After I submitted the revised article I realized I could have easily included a beta distribution generator. To generate a sample from a beta(a, b) distribution, generate a sample u from gamma(a, 1) and a sample v from gamma(b, 1) and return u/(u+v). (See why this works here.)

This isn’t the most efficient beta generator possible, especially for some parameters. But it’s not grossly inefficient either. Also, it’s very simple, and the code in that article emphasizes simplicity over efficiency.

The code doesn’t use advanced C# features; it could easily be translated to other languages.

Related links

Random number generator controversy

I submitted an article to Code Project yesterday, Simple Random Number Generation, describing a small C# class called SimpleRNG that uses George Marsaglia’s WMC algorithm. The article was posted around 5 PM (central US time) and comments started pouring in right away. I didn’t expect any feedback on a Friday afternoon or Saturday morning. But as I write this post, there have been 580 page views and 11 comments.

There have been three basic questions raised in the comments.

  1. Why not just use the random number generator that comes with .NET?
  2. Is this code suitable for cryptography?
  3. Is this code suitable for Monte Carlo applications?

Why not use the built-in generator? For many applications, the simplest thing would be to use the .NET random number generator. But there are instances where this might not be best. There are questions about the statistical quality of the .NET generator; I’ll get to that in a minute. The primary advantages I see to the SimpleRNG class are transparency and portability.

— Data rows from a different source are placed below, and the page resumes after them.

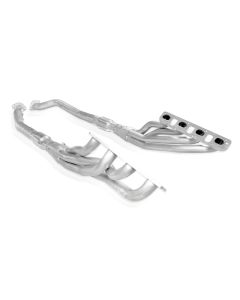 Stainless Works 2012-17 Jeep Grand Cherokee 6.4L Headers 1-7/8in Primaries 3in High-Flow Cats - JEEP64HCAT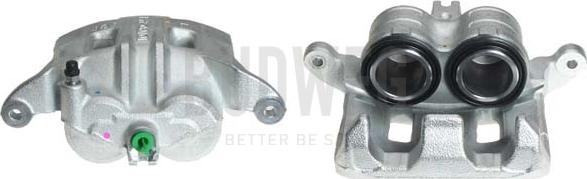 Budweg Caliper 345581 - Гальмівний супорт autocars.com.ua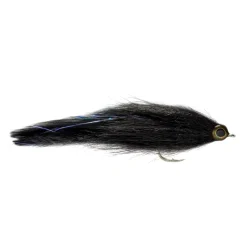 Fly Fishing^ Black Brushy - Your Premium Fishing Gear Store Rods Lines Baits Accessories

By transparency I mean that the internal state of the generator is simple and easy to access. When you’re trying to reproduce a result, say while debugging, it’s convenient to have full access to the internal state of the random generator. If you’re using your own generator, you can see everything. You can even temporarily change it: for debugging, it may be convenient to temporarily have the “random” generator return a very regular, predictable sequence.

By portability I do not necessarily mean moving the code between operating systems. The primary application I have in mind is moving the algorithm between languages. For example, in my work we often have prototype code written in R that needs to be rewritten in C++ for efficiency. If the code involves random number generation, the output of the prototype and the rewrite cannot be directly compared, only compared on average. Then you have to judge whether the differences are to be expected or whether they indicate a bug. But if both the R and the C++ code use the same RNG algorithm and the same seed, the results may be directly comparable. (They still may not be directly comparable due to other factors, but at least this way the results are often comparable.)

As for cryptography, no, SimpleRNG is not appropriate for cryptography.

As for Monte Carlo applications, not all Monte Carlo applications are created equal. Some applications do not require high quality random number generators. Or more accurately, different applications require different kinds of quality. Some random number generators break down when used for high-dimensional integration. I suspect SimpleRNG is appropriate for moderate dimensions. I use the Mersenne Twister generator for numerical integration. However, SimpleRNG is faster and much simpler; the MT generator has a very large internal state.

Someone commented on the CodeProject article that the random number generator in .NET is not appropriate for Monte Carlo simulation because it does not pass Marsaglia’s DIEHARD tests while SimpleRNG does. I don’t know what algorithm the .NET generator uses, so I can’t comment on its quality. Before I’d use it in statistical applications, I’d want to find out.